The question of all this changing in the brain and its impact on grey matter (the stuff that's important for sensory perception, memory, speech, and emotions) is brought into question. With new technology language is changed, and the metaphors people can use to accurately describe a natural phenomenon change. Interestingly an illiterate society was brought up and how literate people have "considerable detachment from feelings or emotional involvement that a non-literate man or society would experience." (pg 57)
This leaves me with the question how much of our society really wouldn't be possible if we were illiterate? I bet a large majority of it could be done without words.
Chapter 4
This chapter focused primarily on the development of writing and writing utensils. Along with this writing was also the development of different writing forms. Original Greek was written in scriptura continua, continuous writing. that required the writer and the reader to "translate" the work while they read. As writing materials became more accessible so did the method of reading it, no longer did you need to decipher to figure out what was being said.
All this emphasis on literacy makes me wonder what happens to those people in today's world that aren't literate. I seem to recall seeing a news special on teenagers in Detroit who where seniors in High School and couldn't read past a 5th grade level. They survived on memory and reasoning, but was it enough?
For an example of scriptura continua reading the following ThethirtythreethievesthoughtthattheythrilledthethronethroughoutThursday.
An interesting fact that Carr points out is:
The natural state of the human brain... is one of distractedness. Our predisposition is to shift our gaze, and hence our attention, from one object to another, to be aware of as much of what's going on around us as possible.

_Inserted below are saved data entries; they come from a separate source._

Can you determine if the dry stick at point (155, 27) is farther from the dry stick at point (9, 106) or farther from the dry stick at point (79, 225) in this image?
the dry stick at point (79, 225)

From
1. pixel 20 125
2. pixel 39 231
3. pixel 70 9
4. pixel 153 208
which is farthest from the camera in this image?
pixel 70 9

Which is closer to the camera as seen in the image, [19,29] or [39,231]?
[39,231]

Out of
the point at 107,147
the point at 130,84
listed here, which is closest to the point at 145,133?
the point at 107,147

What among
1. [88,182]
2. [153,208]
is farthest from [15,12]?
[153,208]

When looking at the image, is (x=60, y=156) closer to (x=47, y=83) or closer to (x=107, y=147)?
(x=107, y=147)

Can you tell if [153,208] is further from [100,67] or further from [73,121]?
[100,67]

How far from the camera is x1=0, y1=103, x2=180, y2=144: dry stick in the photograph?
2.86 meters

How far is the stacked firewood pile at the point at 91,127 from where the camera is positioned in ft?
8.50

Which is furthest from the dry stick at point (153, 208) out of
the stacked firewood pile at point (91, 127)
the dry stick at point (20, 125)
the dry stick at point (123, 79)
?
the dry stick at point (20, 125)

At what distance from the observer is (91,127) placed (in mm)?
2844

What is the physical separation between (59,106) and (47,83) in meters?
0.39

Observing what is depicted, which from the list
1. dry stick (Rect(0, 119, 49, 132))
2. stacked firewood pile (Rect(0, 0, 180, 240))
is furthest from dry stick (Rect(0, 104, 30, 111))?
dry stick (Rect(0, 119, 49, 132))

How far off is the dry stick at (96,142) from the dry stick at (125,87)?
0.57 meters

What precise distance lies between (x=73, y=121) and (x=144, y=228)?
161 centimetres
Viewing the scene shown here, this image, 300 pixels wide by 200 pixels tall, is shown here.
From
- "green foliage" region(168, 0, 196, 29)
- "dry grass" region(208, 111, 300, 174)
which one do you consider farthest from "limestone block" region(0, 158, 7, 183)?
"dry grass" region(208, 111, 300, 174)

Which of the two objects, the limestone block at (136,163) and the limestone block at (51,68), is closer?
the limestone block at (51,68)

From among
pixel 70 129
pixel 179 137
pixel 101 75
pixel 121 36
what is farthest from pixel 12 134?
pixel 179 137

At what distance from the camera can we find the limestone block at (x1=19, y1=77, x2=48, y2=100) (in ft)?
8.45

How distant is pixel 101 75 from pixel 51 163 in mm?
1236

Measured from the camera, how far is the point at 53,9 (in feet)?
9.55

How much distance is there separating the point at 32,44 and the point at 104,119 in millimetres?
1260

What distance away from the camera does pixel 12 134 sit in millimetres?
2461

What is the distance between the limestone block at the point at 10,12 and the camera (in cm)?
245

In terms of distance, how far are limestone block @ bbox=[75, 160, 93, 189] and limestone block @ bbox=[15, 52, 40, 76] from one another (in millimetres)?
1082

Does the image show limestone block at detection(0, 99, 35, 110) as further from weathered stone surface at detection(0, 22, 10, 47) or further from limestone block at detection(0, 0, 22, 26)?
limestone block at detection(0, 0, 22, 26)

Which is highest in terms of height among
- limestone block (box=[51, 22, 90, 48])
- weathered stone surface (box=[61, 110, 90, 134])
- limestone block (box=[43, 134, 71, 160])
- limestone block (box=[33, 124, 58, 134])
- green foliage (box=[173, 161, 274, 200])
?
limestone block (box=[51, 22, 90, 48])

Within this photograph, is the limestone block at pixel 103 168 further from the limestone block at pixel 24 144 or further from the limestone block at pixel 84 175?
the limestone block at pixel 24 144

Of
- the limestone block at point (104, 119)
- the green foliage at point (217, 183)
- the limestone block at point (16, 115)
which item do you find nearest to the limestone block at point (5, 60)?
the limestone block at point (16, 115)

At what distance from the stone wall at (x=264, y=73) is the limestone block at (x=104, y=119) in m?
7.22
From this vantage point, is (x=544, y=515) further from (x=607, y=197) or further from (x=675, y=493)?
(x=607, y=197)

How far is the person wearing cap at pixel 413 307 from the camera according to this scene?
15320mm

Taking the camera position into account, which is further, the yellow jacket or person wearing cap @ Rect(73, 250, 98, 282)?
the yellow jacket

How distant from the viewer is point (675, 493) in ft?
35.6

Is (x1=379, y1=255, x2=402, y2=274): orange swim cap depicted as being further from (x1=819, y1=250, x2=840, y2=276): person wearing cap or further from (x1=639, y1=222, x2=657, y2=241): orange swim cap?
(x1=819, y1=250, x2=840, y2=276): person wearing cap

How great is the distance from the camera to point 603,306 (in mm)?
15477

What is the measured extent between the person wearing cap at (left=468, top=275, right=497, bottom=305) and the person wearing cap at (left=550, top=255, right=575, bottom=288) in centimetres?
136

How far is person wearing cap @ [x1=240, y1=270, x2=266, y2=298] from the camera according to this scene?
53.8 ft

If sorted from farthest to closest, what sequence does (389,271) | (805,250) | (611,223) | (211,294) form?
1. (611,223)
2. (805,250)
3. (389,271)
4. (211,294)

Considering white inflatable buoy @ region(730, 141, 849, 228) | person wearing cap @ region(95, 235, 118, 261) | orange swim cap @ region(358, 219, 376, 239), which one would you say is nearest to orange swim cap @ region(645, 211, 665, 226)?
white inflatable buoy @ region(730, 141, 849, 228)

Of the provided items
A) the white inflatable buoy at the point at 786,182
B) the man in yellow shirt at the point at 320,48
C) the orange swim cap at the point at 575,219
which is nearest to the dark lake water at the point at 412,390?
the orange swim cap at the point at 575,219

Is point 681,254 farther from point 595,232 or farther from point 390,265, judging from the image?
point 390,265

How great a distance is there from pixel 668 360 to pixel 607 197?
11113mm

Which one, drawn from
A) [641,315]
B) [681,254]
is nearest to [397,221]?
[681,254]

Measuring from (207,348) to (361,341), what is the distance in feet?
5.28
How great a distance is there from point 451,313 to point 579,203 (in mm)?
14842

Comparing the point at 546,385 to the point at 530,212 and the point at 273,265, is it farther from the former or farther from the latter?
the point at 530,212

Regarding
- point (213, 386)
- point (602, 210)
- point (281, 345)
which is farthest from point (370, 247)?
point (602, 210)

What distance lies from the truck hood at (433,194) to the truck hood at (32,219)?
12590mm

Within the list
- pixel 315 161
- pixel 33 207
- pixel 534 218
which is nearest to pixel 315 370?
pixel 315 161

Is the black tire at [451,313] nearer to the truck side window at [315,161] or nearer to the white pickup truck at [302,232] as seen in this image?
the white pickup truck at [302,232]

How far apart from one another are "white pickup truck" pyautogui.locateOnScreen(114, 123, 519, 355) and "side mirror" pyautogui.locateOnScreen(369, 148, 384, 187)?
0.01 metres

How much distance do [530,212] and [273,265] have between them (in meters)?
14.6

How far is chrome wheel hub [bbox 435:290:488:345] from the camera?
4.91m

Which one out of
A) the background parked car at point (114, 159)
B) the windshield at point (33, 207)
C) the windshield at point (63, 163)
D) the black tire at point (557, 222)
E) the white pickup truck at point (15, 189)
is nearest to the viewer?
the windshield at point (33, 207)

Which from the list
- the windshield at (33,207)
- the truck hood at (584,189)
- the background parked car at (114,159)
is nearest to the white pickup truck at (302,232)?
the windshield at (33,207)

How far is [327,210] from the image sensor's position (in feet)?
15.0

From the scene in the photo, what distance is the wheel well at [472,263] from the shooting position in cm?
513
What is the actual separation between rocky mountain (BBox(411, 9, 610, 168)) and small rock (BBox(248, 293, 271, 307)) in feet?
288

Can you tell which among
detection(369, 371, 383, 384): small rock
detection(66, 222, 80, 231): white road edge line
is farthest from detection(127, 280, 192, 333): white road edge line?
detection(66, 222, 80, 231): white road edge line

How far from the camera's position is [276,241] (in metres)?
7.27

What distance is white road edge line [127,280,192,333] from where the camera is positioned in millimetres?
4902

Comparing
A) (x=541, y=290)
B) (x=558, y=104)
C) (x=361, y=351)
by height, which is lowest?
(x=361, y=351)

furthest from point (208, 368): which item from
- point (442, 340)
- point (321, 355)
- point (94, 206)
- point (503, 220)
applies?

The fact that books required singular focus was a " 'strange anomaly in the history of our psychological development.' " Reading became alone time for every literate individual. Ideas began to be constructed and revised, varying from the norm and growing in numbers shifting the home of power between ideological institutions.
Carr talks about the invention of the Gutenberg printing press and how it truly revolutionized the world, past, present and future. This makes me wonder what people are going to say about the internet years from now. How will hindsight change the image of our present forms.

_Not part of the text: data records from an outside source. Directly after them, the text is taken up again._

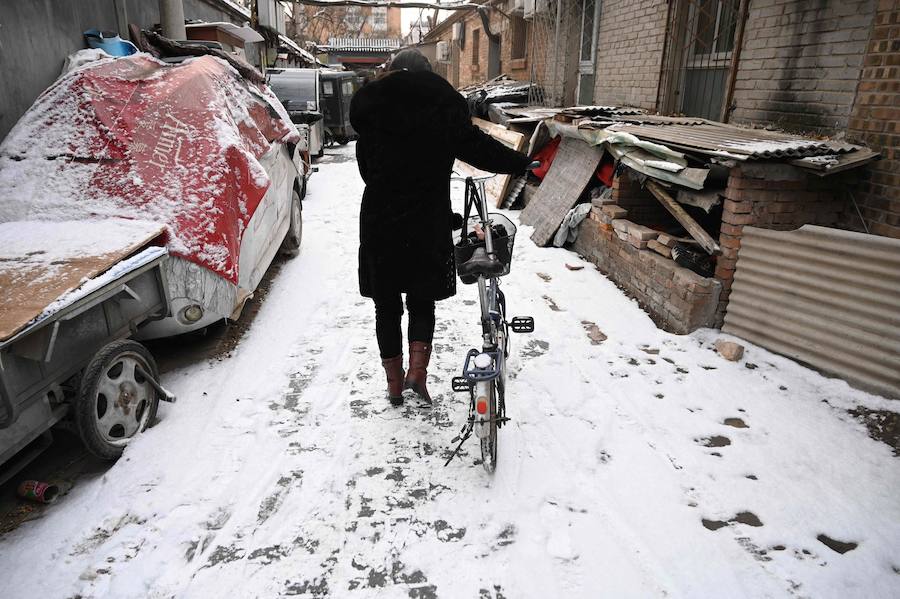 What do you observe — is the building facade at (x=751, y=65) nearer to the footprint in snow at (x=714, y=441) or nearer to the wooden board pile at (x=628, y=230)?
the wooden board pile at (x=628, y=230)

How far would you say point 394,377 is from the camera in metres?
3.35

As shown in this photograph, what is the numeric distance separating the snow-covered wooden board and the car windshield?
1119 cm

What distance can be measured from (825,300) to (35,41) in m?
6.67

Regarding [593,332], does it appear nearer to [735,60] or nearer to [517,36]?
[735,60]

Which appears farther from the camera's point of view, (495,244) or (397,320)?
(397,320)

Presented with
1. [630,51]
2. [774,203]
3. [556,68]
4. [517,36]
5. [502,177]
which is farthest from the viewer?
[517,36]

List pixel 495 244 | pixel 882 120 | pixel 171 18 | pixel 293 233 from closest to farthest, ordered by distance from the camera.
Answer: pixel 495 244
pixel 882 120
pixel 293 233
pixel 171 18

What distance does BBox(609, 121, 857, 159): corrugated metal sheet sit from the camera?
3.72m

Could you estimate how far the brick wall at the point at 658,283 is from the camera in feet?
13.8

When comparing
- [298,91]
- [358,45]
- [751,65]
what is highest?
[358,45]

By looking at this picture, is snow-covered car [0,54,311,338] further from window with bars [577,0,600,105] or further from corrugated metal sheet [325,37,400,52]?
corrugated metal sheet [325,37,400,52]

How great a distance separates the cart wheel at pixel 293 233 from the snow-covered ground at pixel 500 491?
2466 millimetres

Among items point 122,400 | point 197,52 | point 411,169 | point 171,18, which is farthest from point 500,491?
point 171,18

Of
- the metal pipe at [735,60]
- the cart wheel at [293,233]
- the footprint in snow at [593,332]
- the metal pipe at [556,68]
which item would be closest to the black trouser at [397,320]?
the footprint in snow at [593,332] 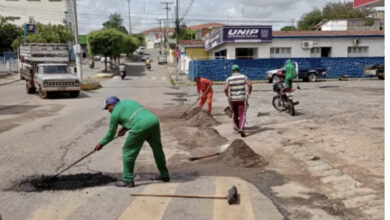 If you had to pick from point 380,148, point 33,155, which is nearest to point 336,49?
point 380,148

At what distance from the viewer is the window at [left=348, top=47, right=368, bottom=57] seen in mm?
37062

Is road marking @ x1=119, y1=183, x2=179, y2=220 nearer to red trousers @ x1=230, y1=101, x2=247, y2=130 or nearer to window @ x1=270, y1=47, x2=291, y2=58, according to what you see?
red trousers @ x1=230, y1=101, x2=247, y2=130

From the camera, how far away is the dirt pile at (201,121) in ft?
39.7

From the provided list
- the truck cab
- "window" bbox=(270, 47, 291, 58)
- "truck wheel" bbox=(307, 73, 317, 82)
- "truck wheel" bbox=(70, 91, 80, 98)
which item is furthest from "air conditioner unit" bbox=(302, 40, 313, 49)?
"truck wheel" bbox=(70, 91, 80, 98)

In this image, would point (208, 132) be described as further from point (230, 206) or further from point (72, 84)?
point (72, 84)

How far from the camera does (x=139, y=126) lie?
225 inches

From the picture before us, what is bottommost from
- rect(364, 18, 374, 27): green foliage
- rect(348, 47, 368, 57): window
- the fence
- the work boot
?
the work boot

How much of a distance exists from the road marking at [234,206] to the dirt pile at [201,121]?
578cm

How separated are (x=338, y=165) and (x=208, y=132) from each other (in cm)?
381

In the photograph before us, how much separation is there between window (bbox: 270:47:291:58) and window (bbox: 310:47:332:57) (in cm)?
231

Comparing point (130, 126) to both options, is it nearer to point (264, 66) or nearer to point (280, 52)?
point (264, 66)

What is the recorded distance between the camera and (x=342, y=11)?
70.7 meters

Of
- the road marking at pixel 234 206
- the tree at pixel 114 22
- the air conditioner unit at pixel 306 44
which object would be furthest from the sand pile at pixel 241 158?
the tree at pixel 114 22

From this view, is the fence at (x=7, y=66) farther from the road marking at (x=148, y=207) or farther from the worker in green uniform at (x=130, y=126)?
the road marking at (x=148, y=207) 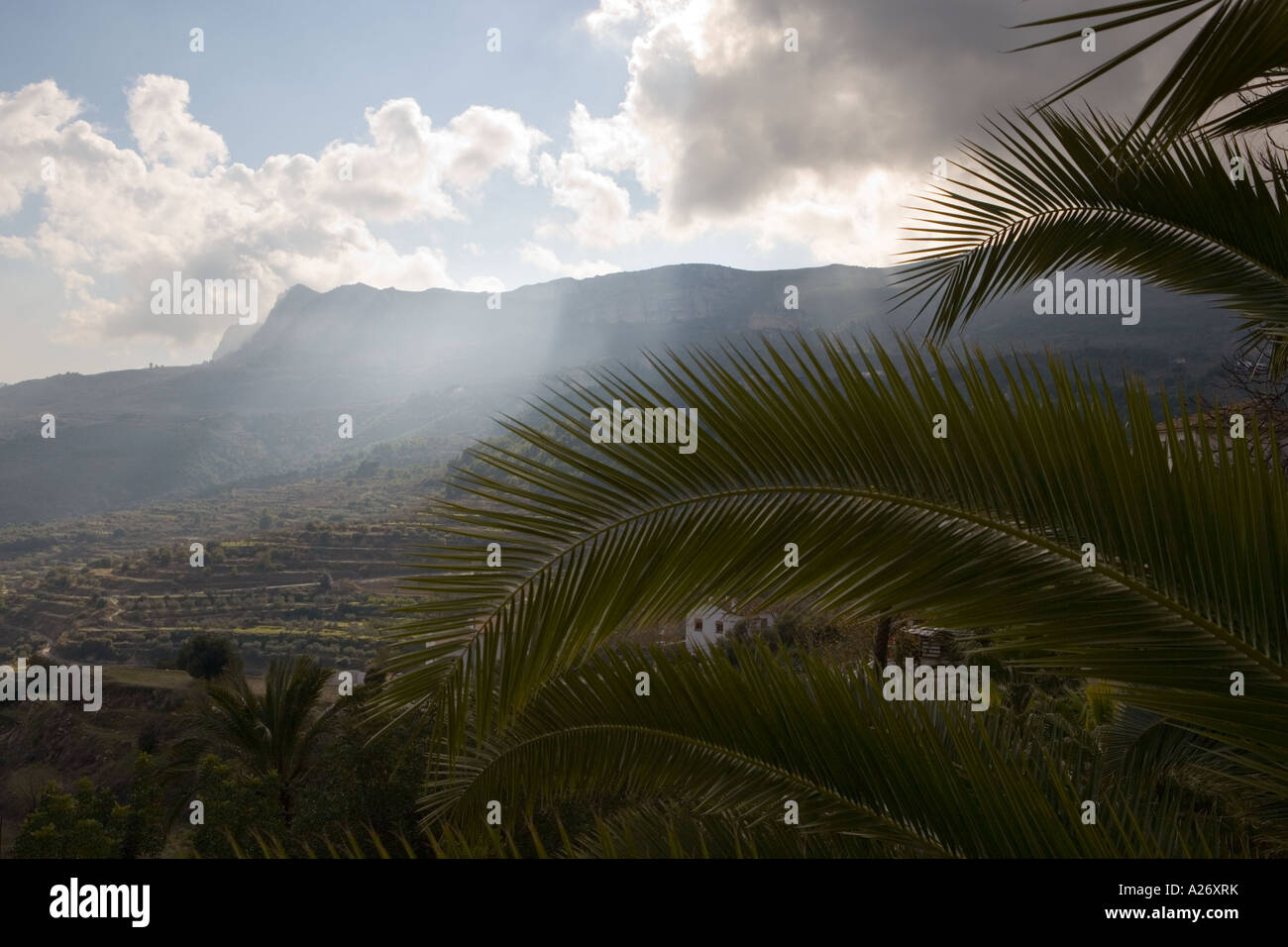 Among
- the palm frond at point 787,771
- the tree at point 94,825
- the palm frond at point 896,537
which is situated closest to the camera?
the palm frond at point 896,537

Carr then delves into the slightly conspiratorial rant. If papers can transmit ideas from one person to the next, prophesied Lee de Forest, some day information (such as political) would be simply placed right in the brain.
Chapter 5
Chapter 5 talks about the convenience of the net. It's simple to translate all information into a series of ones and zeros and takes up very little space to send those series form one place to another. Further more the internet has the advantage that no other information medium has had, it is "bidirectional". No surprise internet use has increased by over 30% in some areas in under 3 years. According to Carr all this usage is dissolving the boundaries between media sources. "Our attachment to any one text becomes more tenuous... Searches lead to the fragmentation of online works... we don't see the forest... (or) the trees. We see twigs and leaves. As companies like Google and Microsoft perfect search engines for video and audio content, more products are undergoing fragmentation that already characterizes written works." (Pg 91)
Like the air we breath, Carr describes the internet of the future as something one cannot help but interact with as it will be a part of everyday life. In the world of the future the printed word, claims Carr, will be pushed aside to make way for more image oriented, flashy forms of communication that will draw the persons attention to them.